§ **SUPPLIED INFORMATION**:
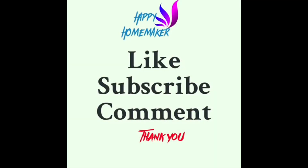Don't forget to like, subscribe, and comment. Bye bye. Have a nice day.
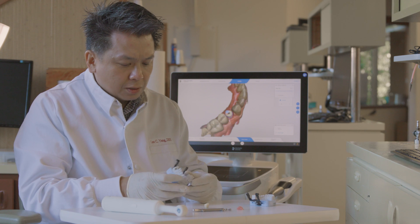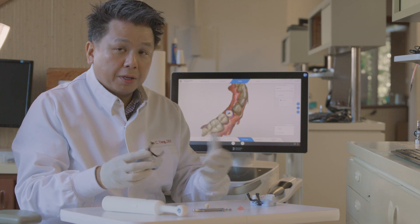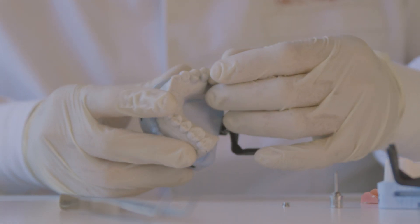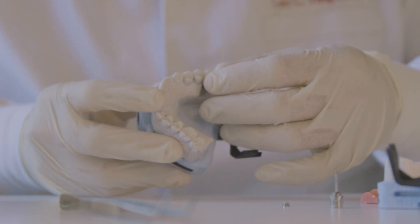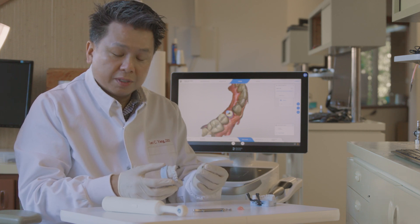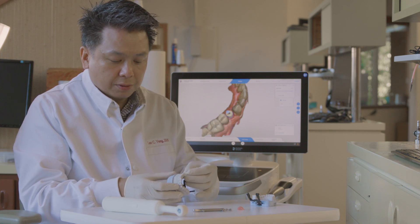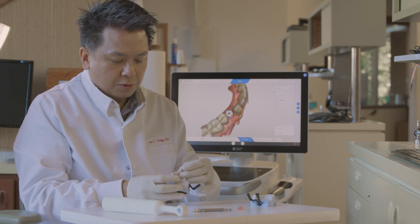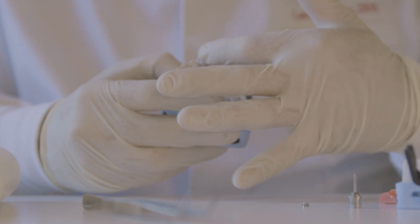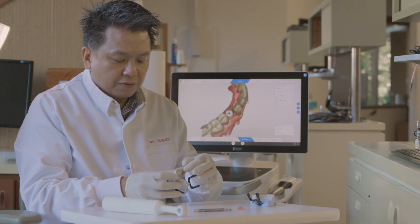Step one. It is important to check everything on a model first, outside of the mouth, just to make sure everything is aligned perfectly. We have this beautiful implant crown — a Roto crown made from Arm Dental Lab. You want to make sure that it's seating onto the Roto abutment correctly. You also want to make sure that the occlusal contact is good and your interproximal contact is good.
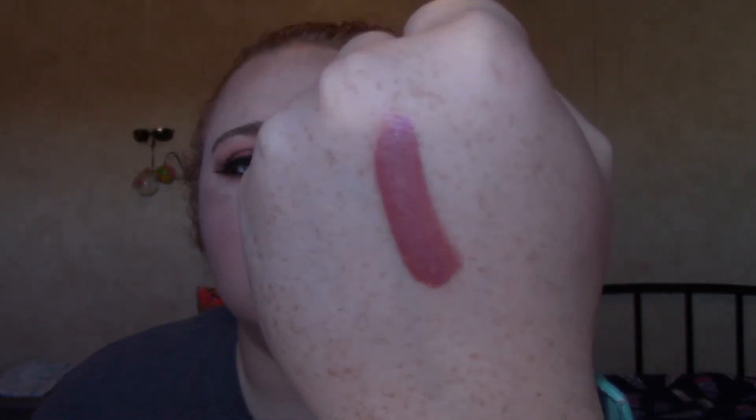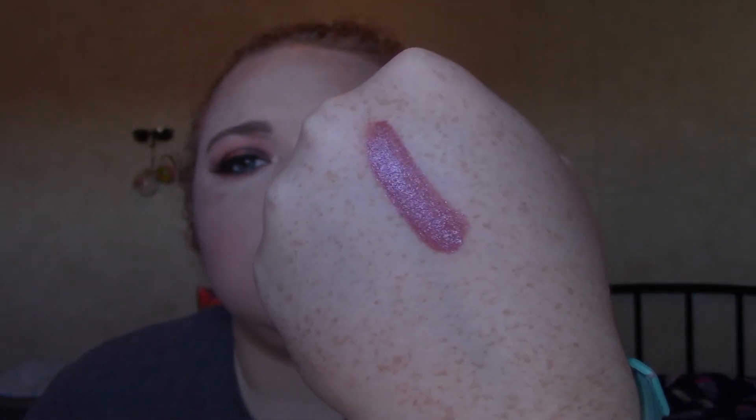So this is dry now and it has like a gold or champagne-ish glitter in it — it kind of reflects purple a little bit. And there is the glitter flip part! All right, well that is everything for my December Ipsy unbagging. Thank you guys so much for watching — I will see you in the next one, bye bye!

§ **WHAT YOU ARE ASKED TO DO**: The lines to write out are those from the first line of the listing above through the line bearing "Step one. It", both included, copied exactly with pictures dropped.

§ **RESULT OF THE TASK**:
Don't forget to like, subscribe, and comment. Bye bye. Have a nice day.
Step one. It is important to check everything on a model first, outside of the mouth, just to make sure everything is aligned perfectly. We have this beautiful implant crown — a Roto crown made from Arm Dental Lab. You want to make sure that it's seating onto the Roto abutment correctly. You also want to make sure that the occlusal contact is good and your interproximal contact is good.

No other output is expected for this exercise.